Paris, cidade poesia

Capital francesa sempre abrigou poetas

publicidade

Em cada canto de Paris, uma frase: aquin viveu Rimbaud, Baudelaire, etc.

A relação do homem com a poesia, segundo uma história secreta dos poetas, tem a ver com a memória e com a sua perda. Em algum momento, poetas escreveram para lembrar ou para esquecer o que não paravam de lembrar. Depois, possivelmente para esquecer o que pesava como uma biografia maldita. Muitos valorizaram a rima com estratégia mnemônica. Outros, buscaram somente a produção de imagens capazes de “desocultar” sentidos encobertos pela passagem do tempo. Na época da memória artificial, quando se carrega a biblioteca de Alexandria no bolso, a poesia estaria morta? Ou, ao contrário, mais viva do que nunca como lembrança da morte do homem? Em Paris, a poesia assume várias formas, inclusive a conversa de café.

 

 

A minha grande obsessão foi a tarde.

Alguns buscam compreender a noite.

Há quem renasça a cada alvorecer.

 

Eu sempre quis decifrar o enigma da tarde.

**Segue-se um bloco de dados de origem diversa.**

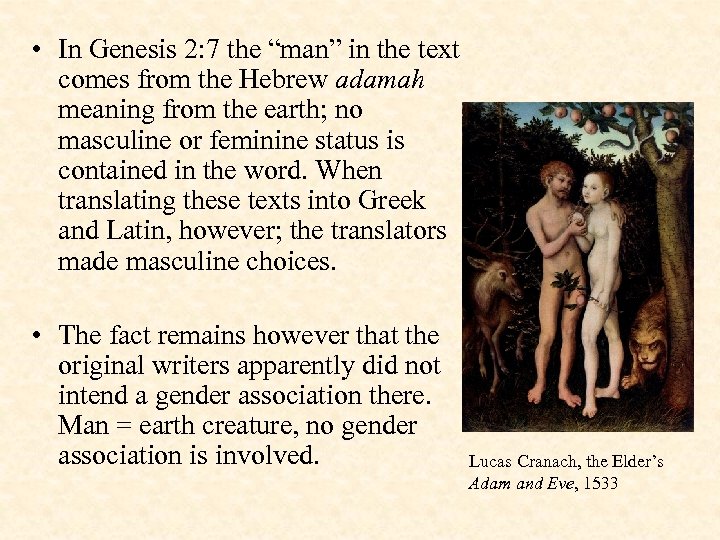  • In Genesis 2: 7 the “man” in the text comes from the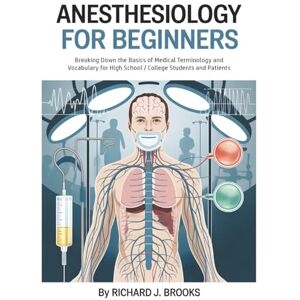 J. Brooks, Richard Anesthesiology for Beginners: Breaking Down the Basics of Medical Terminology and Vocabulary for High School / College Students and Patients (Medical Terms Made Clear) J. Brooks, Richard Anesthesiology for Beginners: Breaking Down the Basics of Medical Terminology and Vocabulary for High School / College Students and Patients (Medical Terms Made Clear)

A tarde que vejo da janela como um silêncio.

São paredes amarelas, cinzas, até vermelhas.

 

Olhos enfileirados que parecem cerrados,

Casas de incontáveis aberturas e telhas,

Telhados que fitam o céu insolentes.

 

Nas tardes, pelas ruas, vi homens, ambulâncias e cães,

Mulheres lentas e sérias puxando carrinhos com cartões,

Senhoras elegantes ou finas desaparecendo nas esquinas

E ruas magras espiralando-se como veredas nos sertões.

 

Na vida, compreendi muitos mistérios.

Entendi, por exemplo, o valor do Pi.

Aprendi a disposição da tabela periódica,

Percebi a relação do quadrado da hipotenusa.

 

Só não revelei ainda da tarde os critérios,

Nem sequer a biografia do mendigo que ri.

Menos ainda a história da puta metódica,

A bela, a infeliz, a desdentada musa.

 

A tarde é um pouco de tudo isso,

A noite sem negrume e sem viço,

Intervalo entre o fim e o tropeço.

 

A hora do lobo dormir à sombra

E da árvore se recolher para beber.

Ou dos poetas se encontrarem nos cafés para sonhar.

*

Na foto, com o escritor Vincent Petitet para uma conversa sobre literatura na França.